Dubai, nevertheless, remains one of the world’s most indebted places. Private and public sector debts are estimated at 100 per cent of GDP, but amounts owed by the government account for only about 30 per cent of the total. The bulk is accounted for by government-related entities (GREs) including Nakheel and Dubai Holding, but restructuring agreements have successfully extended the maturity of some GRE debts. Bankers told Destination Dubai that the debt service burden has become increasingly sustainable and that economic growth coupled with action to increase government and GRE income should create capacity for further borrowing to support investment in infrastructure and real estate.

Destination Dubai heard that Nakheel, which was at the centre of the Dubai debt panic of November 2009, aims to pay off its debts in 2016. It has launched four new projects and the company is encouraging investors to resume work on their developments in the Dubai Waterfront, the largest of all Dubai’s integrated real estate development plans. There is as yet no sign of what Nakheel plans to do with Palm Jebel Ali, the second of Dubai’s offshore islands which remains entirely undeveloped.

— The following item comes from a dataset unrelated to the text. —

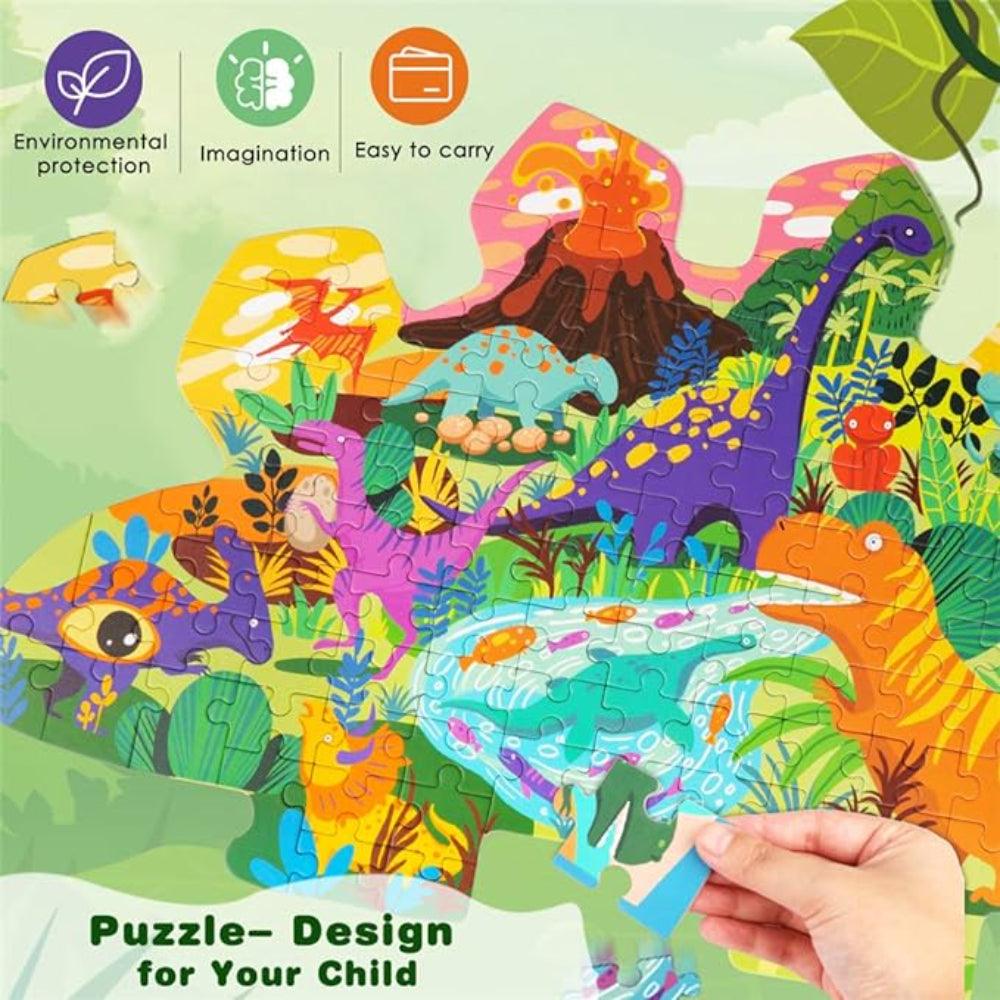 Dinosaur Valley Puzzle (105 Pieces) - Ourkids - Hahowa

The Dubai International Financial Centre (DIFC), which celebrates its 10th anniversary this year, has finalised a revised masterplan which calls for the completion of the DIFC’s built-up area. EMAAR properties told the conference it’s launching a project a week. The Dubai Multi Commodities Centre (DMCC) says work on the Bourj 2020 tower, which will be the tallest commercial building on earth, will start in 2015.

Public investment will also accelerate the conference is told. The Roads & Transport Authority (RTA) unveiled plans to extend the Red Line and Green Line in the Dubai Metro. Dubai Municipality reported plans to develop a dozen leisure projects designed to attract visitors.

The conference was also told that a breakthrough in negotiations between Iran and the west about Tehran’s nuclear plans would constitute a huge further opportunity for Dubai and the UAE. About 350,000 people of Iranian descent and heritage live in Dubai. The resumption in trade links with Iran, disrupted by international sanctions again Tehran, could see that number double in less than a decade.

MEED Insight head Ed James said the sharp increase in activity in Dubai will lead to a sharp rise in demand for projects and he forecast that the value of new contract awards in 2015-20 will rise to $30bn annually even on modest forecasts of future economic activity in Dubai. That will restore the projects market to its level before the 2008/09 financial crisis.

The conference expressed concerns about two issues. The first was the possibility of the return of high and unpredictable inflation. Malik said the general cost of living could average at least 5 per cent a year in 2015-20. The cost of education and housing could rise by at least 10 per cent annually in this period.

The second concern was the lack of affordable elementary and secondary schools. The conference was told that the increase in population will lead to 110,000 additional school students in 2020. This will require up to 200 new schools, but the government has no plans to build any. All school investment is expected to come from private investors.  The lack of affordable housing for low-income migrant workers is also an issue, delegates said.